**TASK PROMPT**
Print only what runs from the line that includes "VALAMAR, 2+1+2 ANNUAL" to the end of the listing, word for word, and do not include any pictures.

**PROVIDED DATA**
#####

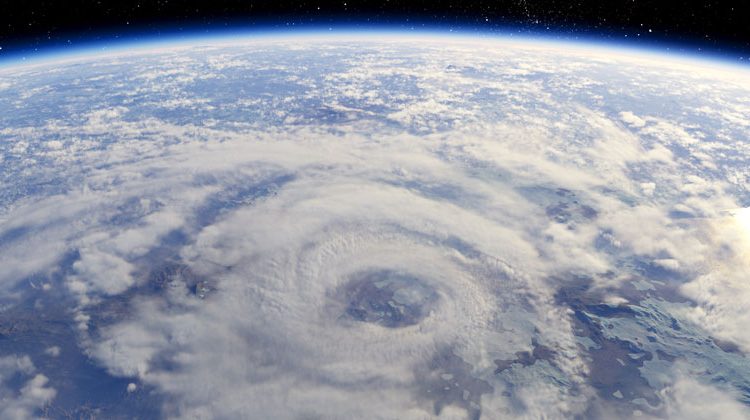 Depositphotos | mechanik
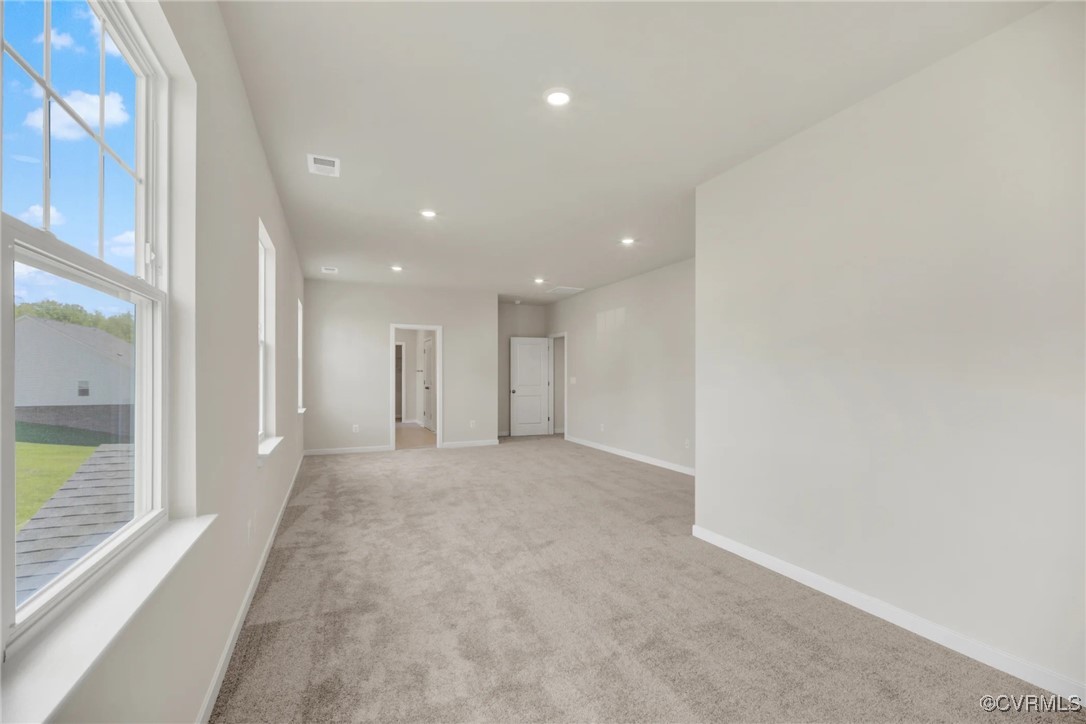 8625 Centerline Dr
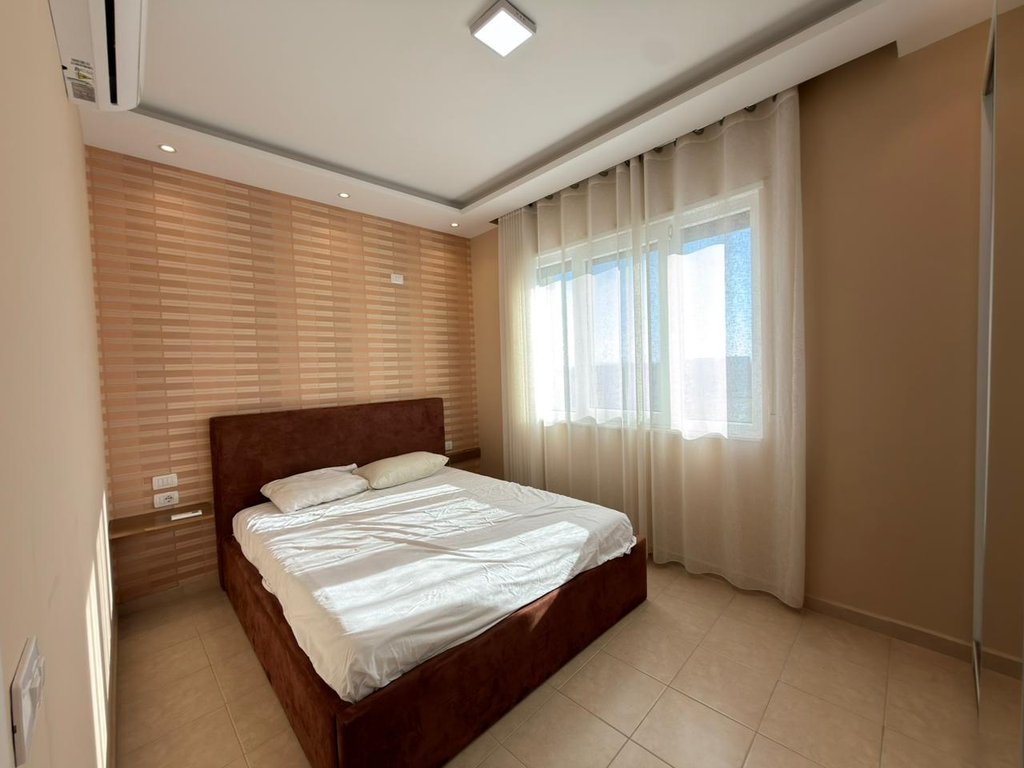 VALAMAR, 2+1+2 ANNUAL PARKING SPACES FOR RENT!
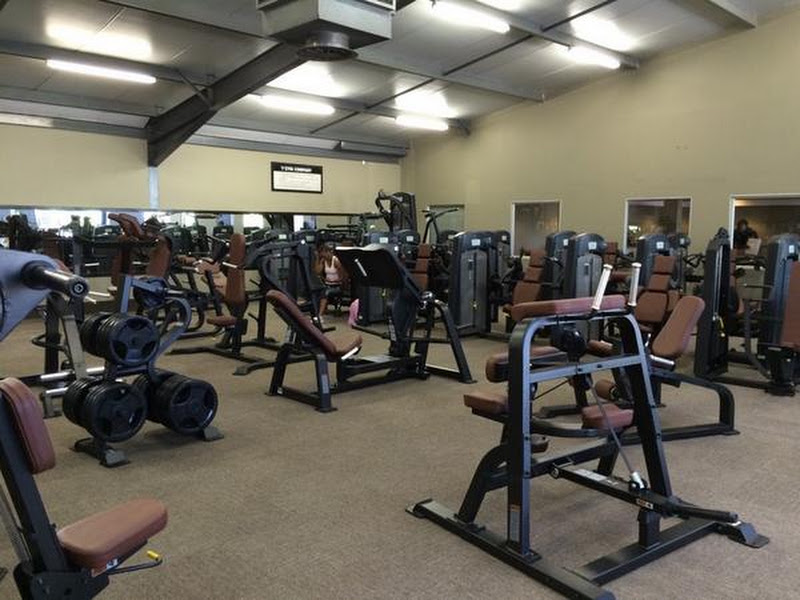 Body zone hawally photo 2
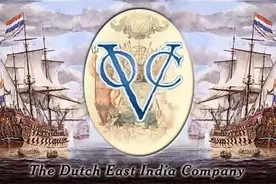 董少新谈西文明清史文献：全球视野下的中国与中外关系史图片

#####

**WRITTEN SOLUTION**
 VALAMAR, 2+1+2 ANNUAL PARKING SPACES FOR RENT!
 Body zone hawally photo 2
 董少新谈西文明清史文献：全球视野下的中国与中外关系史图片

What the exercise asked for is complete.